John Rosevear at The Motley Fool has a good post on the economy this morning: 'Recovery? On What Planet?' It reflects much of what I have been thinking and seeing from my 'worm's eye' perspective. We hear that the economy grew last quarter which sounds good until we start dissecting the numbers and see that most of the growth was really not growth at all. We hear that consumer confidence is up but wonder why because another of our friends or family has either been laid off, had their hours cut, or can't make their bills. There was a wonderful, if very short, piece on the news this morning announcing that Goldman Sachs apologized for its role in precipitating the financial mess and is going to make a seemingly large sum of money available for lending to small businesses. What was wonderful about the report was the counterbalancing statements that the sum represented a little over 2% of the bonuses Goldman expects to pay this year and that the big banks have cut their small business loan business by several times that amount.

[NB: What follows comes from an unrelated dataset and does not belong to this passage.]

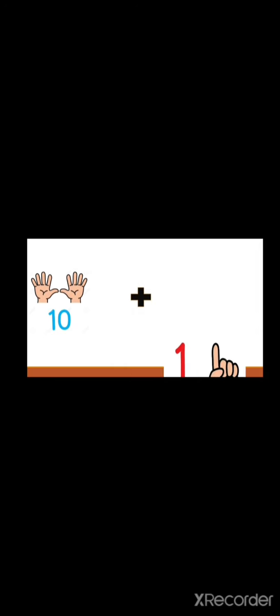Number eleven is ten and one extra finger. So we have ten fingers and we add one extra finger to give us eleven. Let's count: one, two, three, four, five, six, seven, eight, nine, ten, eleven!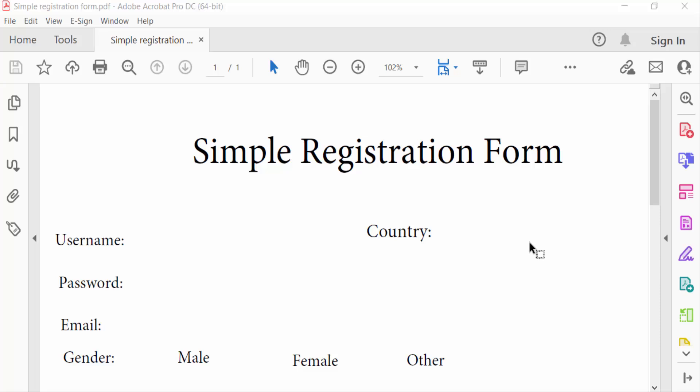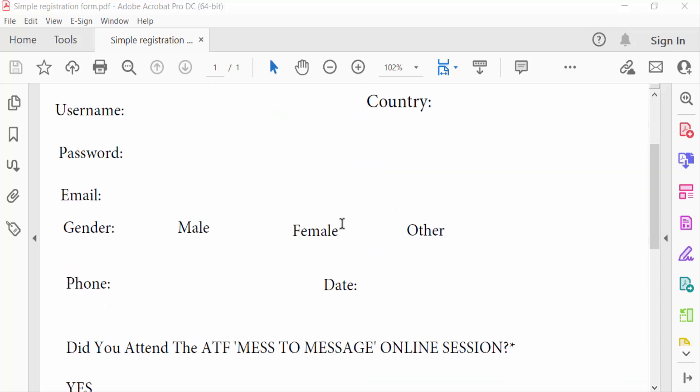Hello everyone, assalamualaikum. In this PDF tutorial today, I'll present you how to add a fillable text box in PDF using Adobe Acrobat Pro DC. So let's get started. I open a PDF document.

Oftwominds has a good blog this morning detailing another reason why we are not going to see much of a recovery any time soon--or rather not much of a recovery towards what we once thought of as normal prosperity. I have said often over the last few years that we have become a nation of people hired to sell goods made elsewhere to other people hired to sell goods made elsewhere to people hired .... . Exporting our way out of this mess is a fantasy. But then there was another story on the morning news that reflects the problem. Another trade show that has had a long history of being hosted in Chicago has decided to go elsewhere citing the costs involved in holding their conventions and shows in Chicago. A legion of other cities are very eager to cut huge breaks to reduce those costs and thereby attract new convention business. This is another race to the bottom. Those cities gain some but Chicago looses a lot. The two (the loss and the gain) will meet somewhere well south of the middle.
Nouriel Roubini also has a post which underlies a fact that I have noticed before: we are really two economies. And it is the smaller one that is showing some weak signs of recovery. The larger economy, the one most of us inhabit, shows few signs of recovery.
I will leave you with those notions and go have breakfast now. See you later.